From the first entry to the last, copy each one exactly.

── DATA FOR REVIEW

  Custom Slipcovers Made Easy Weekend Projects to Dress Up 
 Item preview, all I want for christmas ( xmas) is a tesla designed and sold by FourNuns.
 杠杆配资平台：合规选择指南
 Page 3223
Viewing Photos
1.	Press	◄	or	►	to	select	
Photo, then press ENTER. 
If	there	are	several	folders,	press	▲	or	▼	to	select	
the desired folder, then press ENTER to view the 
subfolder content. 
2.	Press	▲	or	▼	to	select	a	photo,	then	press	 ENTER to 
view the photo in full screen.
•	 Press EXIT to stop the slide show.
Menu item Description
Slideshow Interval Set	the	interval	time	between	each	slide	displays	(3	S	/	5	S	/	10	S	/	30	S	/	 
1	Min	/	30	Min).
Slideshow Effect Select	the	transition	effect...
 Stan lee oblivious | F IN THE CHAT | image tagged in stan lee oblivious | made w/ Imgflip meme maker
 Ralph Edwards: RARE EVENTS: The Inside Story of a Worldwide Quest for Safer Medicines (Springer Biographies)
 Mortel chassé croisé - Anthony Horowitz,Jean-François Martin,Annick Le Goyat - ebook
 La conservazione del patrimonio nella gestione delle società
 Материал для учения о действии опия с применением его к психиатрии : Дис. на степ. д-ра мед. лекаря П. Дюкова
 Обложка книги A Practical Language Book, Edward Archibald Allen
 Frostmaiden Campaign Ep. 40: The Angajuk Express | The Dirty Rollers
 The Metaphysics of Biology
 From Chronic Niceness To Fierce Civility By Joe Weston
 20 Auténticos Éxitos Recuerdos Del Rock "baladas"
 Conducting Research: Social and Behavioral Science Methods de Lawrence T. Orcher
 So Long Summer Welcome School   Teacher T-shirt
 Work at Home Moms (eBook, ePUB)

────

EXPECTED ANSWER:
  Custom Slipcovers Made Easy Weekend Projects to Dress Up 
 Item preview, all I want for christmas ( xmas) is a tesla designed and sold by FourNuns.
 杠杆配资平台：合规选择指南
 Page 3223
Viewing Photos
1.	Press	◄	or	►	to	select	
Photo, then press ENTER. 
If	there	are	several	folders,	press	▲	or	▼	to	select	
the desired folder, then press ENTER to view the 
subfolder content. 
2.	Press	▲	or	▼	to	select	a	photo,	then	press	 ENTER to 
view the photo in full screen.
•	 Press EXIT to stop the slide show.
Menu item Description
Slideshow Interval Set	the	interval	time	between	each	slide	displays	(3	S	/	5	S	/	10	S	/	30	S	/	 
1	Min	/	30	Min).
Slideshow Effect Select	the	transition	effect...
 Stan lee oblivious | F IN THE CHAT | image tagged in stan lee oblivious | made w/ Imgflip meme maker
 Ralph Edwards: RARE EVENTS: The Inside Story of a Worldwide Quest for Safer Medicines (Springer Biographies)
 Mortel chassé croisé - Anthony Horowitz,Jean-François Martin,Annick Le Goyat - ebook
 La conservazione del patrimonio nella gestione delle società
 Материал для учения о действии опия с применением его к психиатрии : Дис. на степ. д-ра мед. лекаря П. Дюкова
 Обложка книги A Practical Language Book, Edward Archibald Allen
 Frostmaiden Campaign Ep. 40: The Angajuk Express | The Dirty Rollers
 The Metaphysics of Biology
 From Chronic Niceness To Fierce Civility By Joe Weston
 20 Auténticos Éxitos Recuerdos Del Rock "baladas"
 Conducting Research: Social and Behavioral Science Methods de Lawrence T. Orcher
 So Long Summer Welcome School   Teacher T-shirt
 Work at Home Moms (eBook, ePUB)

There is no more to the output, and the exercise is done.